[Dataset section]
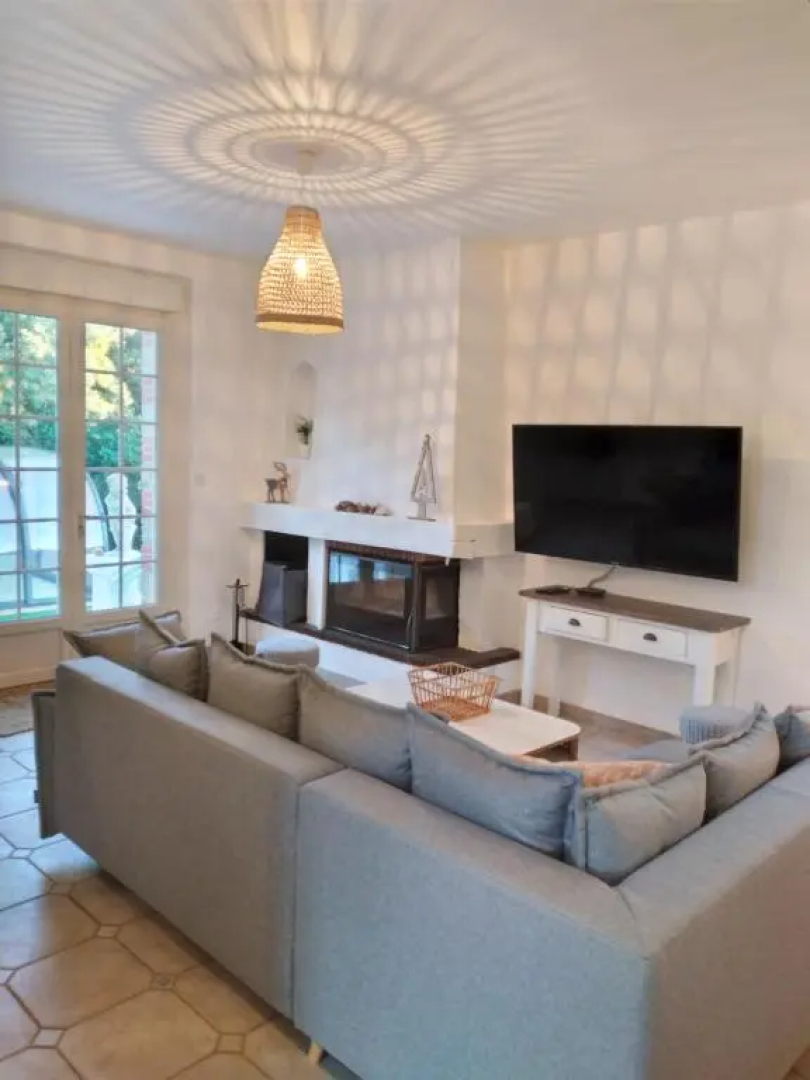 Villa bord de mer avec piscine couverte, bain nordique, salle de jeux.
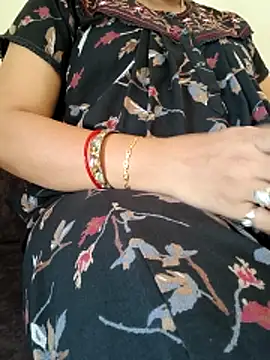 Snapshot of samitasharma chatting on March 1, 2026, 9:11 am samitasharma online show from March 1, 2026, 9:11 am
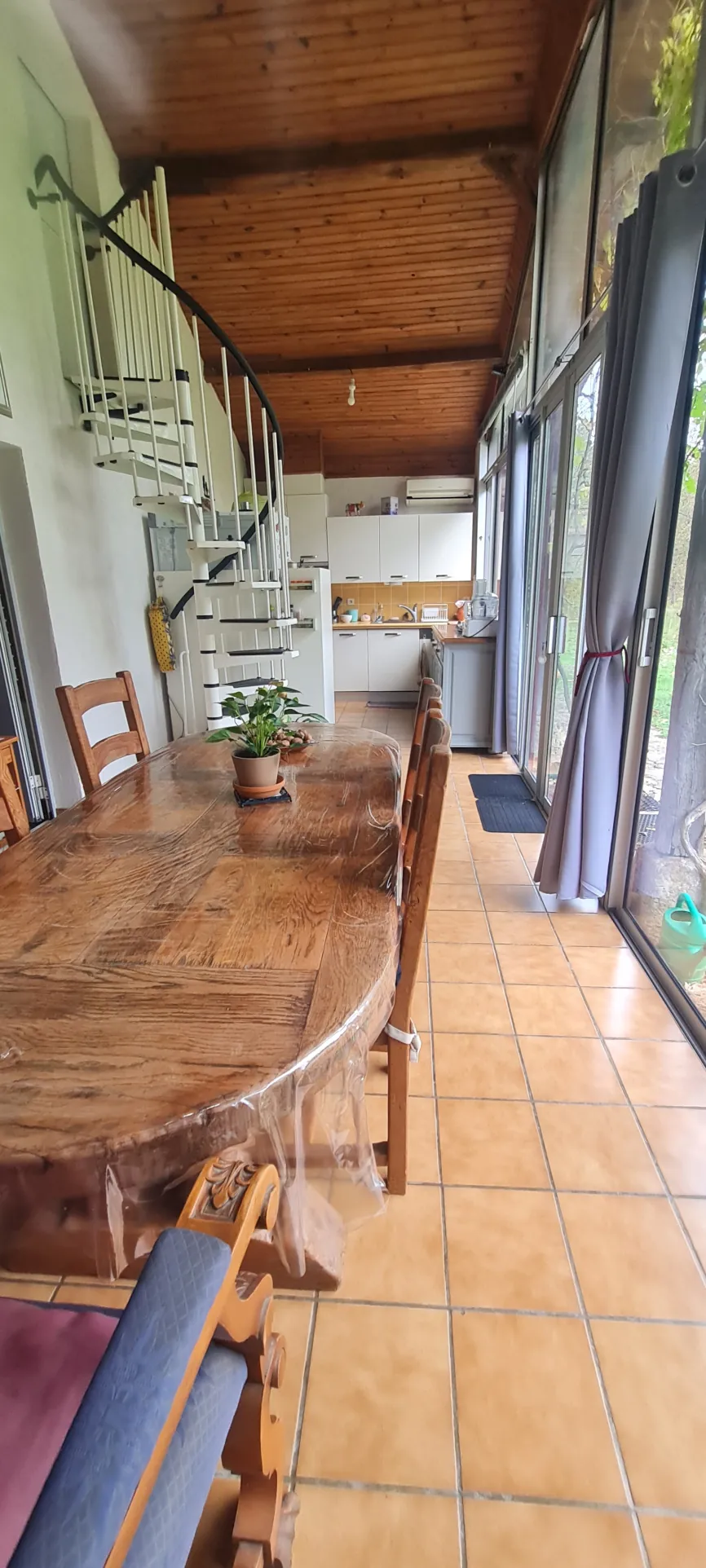 Maison ancienne de plain-pied de 1825 sur 2,75 hectares avec dépendances à Bazas 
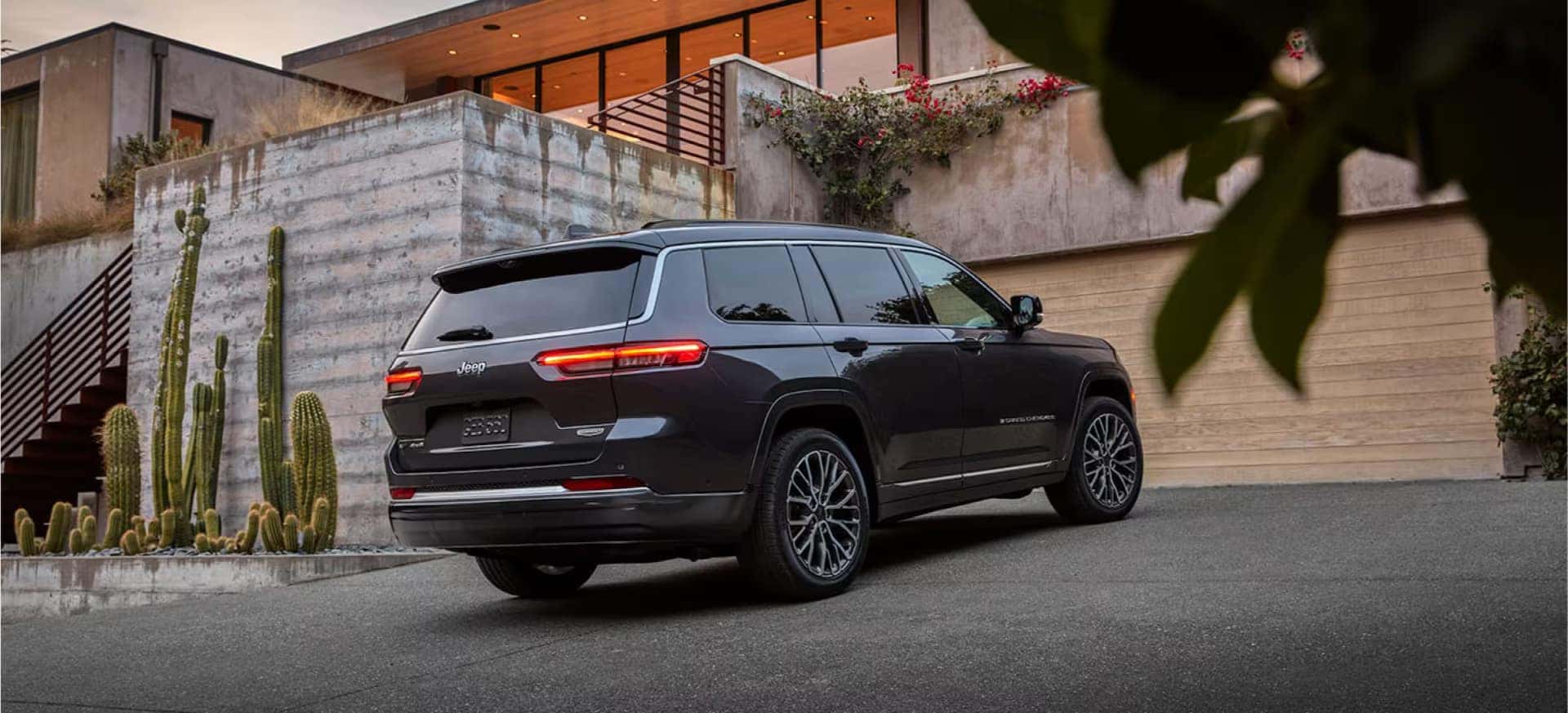 2026 Jeep Grand Cherokee Side Profile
[/Dataset section]
About this task:
In the copy, omit the pictures and give every line of the data exactly.

Response to this task:
 Villa bord de mer avec piscine couverte, bain nordique, salle de jeux.
 Snapshot of samitasharma chatting on March 1, 2026, 9:11 am samitasharma online show from March 1, 2026, 9:11 am
 Maison ancienne de plain-pied de 1825 sur 2,75 hectares avec dépendances à Bazas 
 2026 Jeep Grand Cherokee Side Profile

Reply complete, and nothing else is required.